A New York State fiscal monitoring board told Nassau County to submit around $100 million in spending cuts to its upcoming 2018 budget.
The Nassau Interim Finance Authority sent a letter to Eric Naughton, the county’s deputy county executive for finance, on May 30 saying departments must submit a detailed plan in 45 days to reduce annual spending by 7% from the current 2017 budget.
Nassau County Executive Ed Mangano is slated to submit his 2018 budget on Sept. 15 that needs NIFA approval.
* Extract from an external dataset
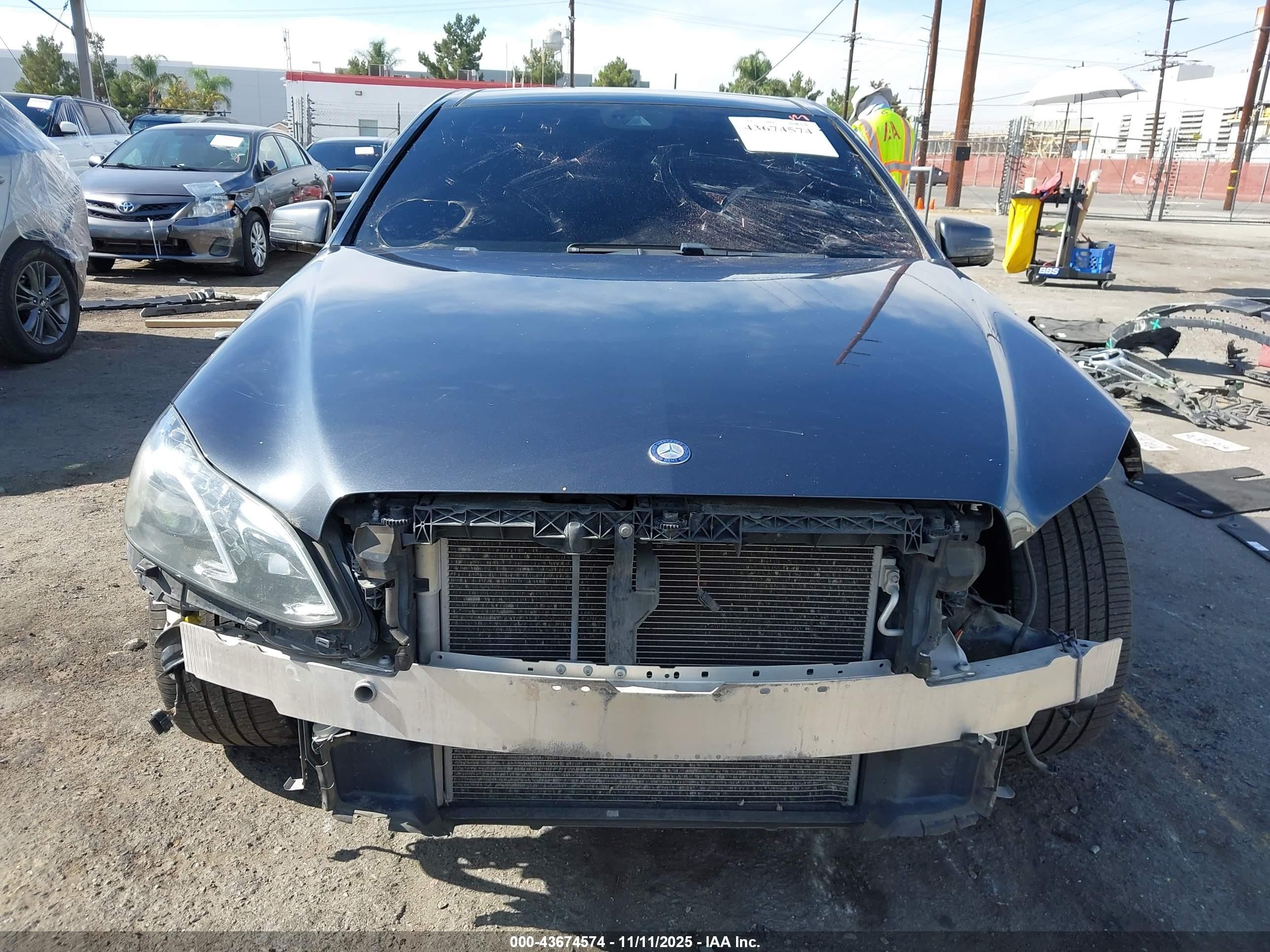 2015 Mercedes-benz E 400   Dark Blue vin: WDDHF6FB8FB162782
NIFA estimates a gap between revenue and expenditures of more than $80 million for the county’s multiyear budget plan from 2017-2020 along with an additional $90 million in risky revenue assumptions.
“Based on the county’s fiscal outlook, the directors have concluded that county compliance with the NIFA statute will be difficult without meaningful reductions in county spending,” the NIFA board letter to Naughton stated. “Although revenue parameters may be fluid over time, expenditure reduction plans must be designed now to ensure balance under the most conservative forward-looking revenue scenarios.”
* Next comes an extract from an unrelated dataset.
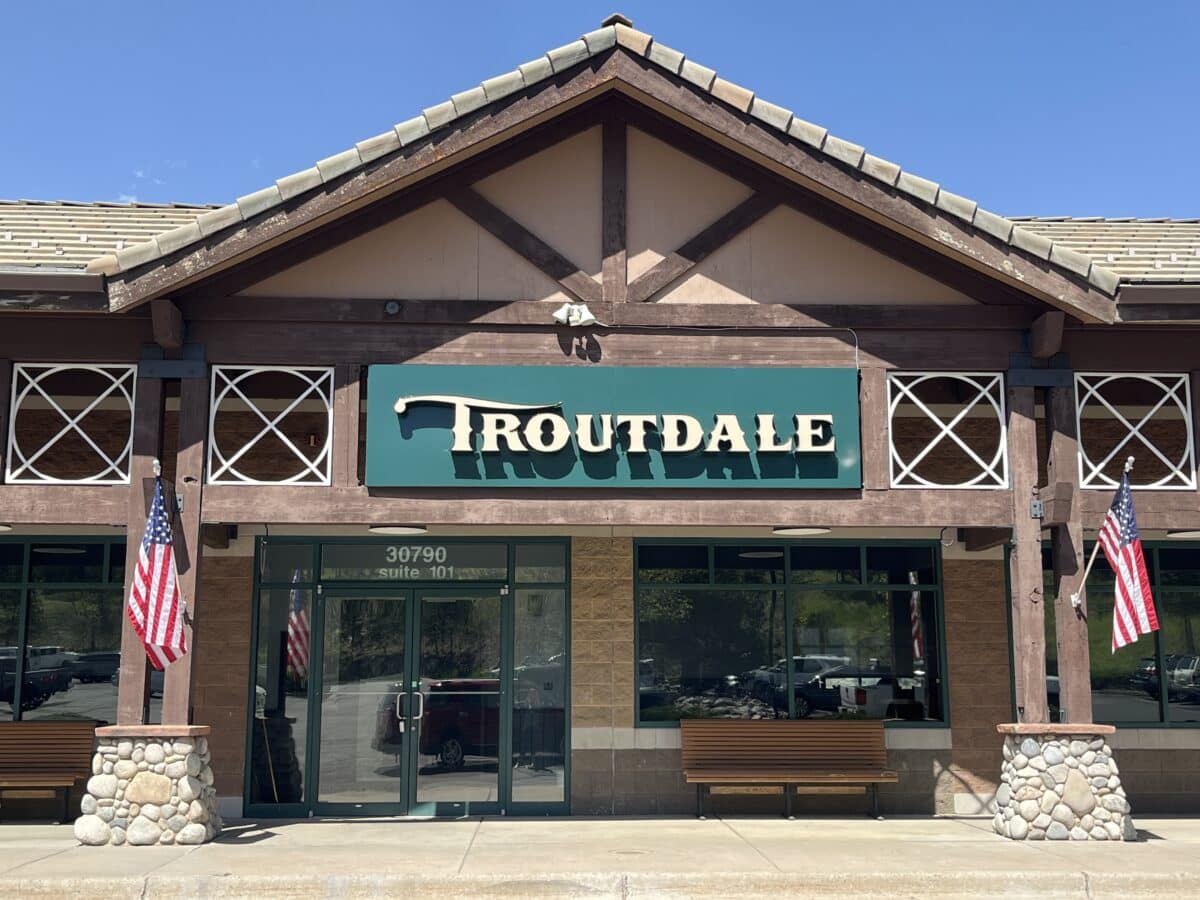 Troutdale Tavern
NIFA has controlled Nassau County’s finances since 2011 and has rejected past initial budgets due to uncertain revenue assumptions. S&P Global Ratings revised its outlook on Nassau’s general obligation debt to stable from negative in May citing an end to a past practice of issuing bonds to fund tax appeals. The large suburban county is rated A-plus by S&P and A2 by Moody’s Investors Service.
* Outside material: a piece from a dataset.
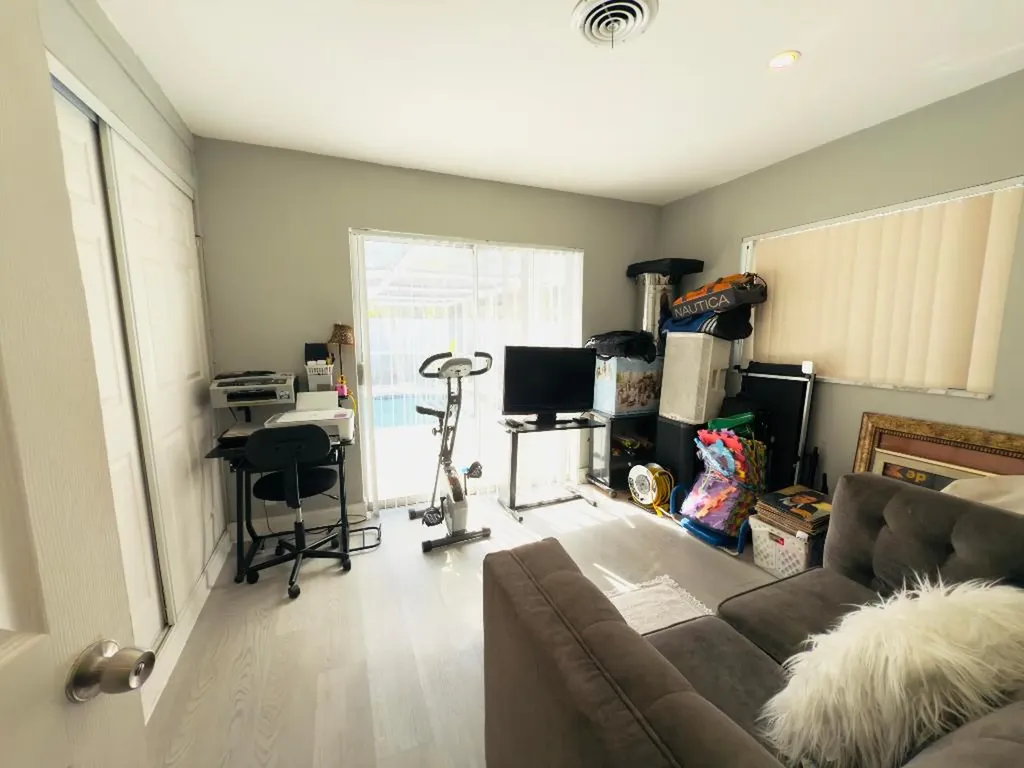 230 NE 25th Street Pompano Beach FL 33064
Naughton responded to the NIFA letter stating that while the control board forecasted large budget gaps in 2015 and 2016, the county ended both fiscal years with surpluses. He noted that $100 million in cuts would force “massive layoffs” and due to union rules result in cutting recent hires that have the lowest salaries.
“We have achieved NIFA’s goals of reduced deficits as defined by NIFA, and we are committed to submitting a 2018 proposed budget that is balanced by NIFA’s stringent standards,” said Naughton in his letter. “We have demonstrated in the past that we can deliver budgets that have a combination of expense savings and new revenue in order to maintain service levels.”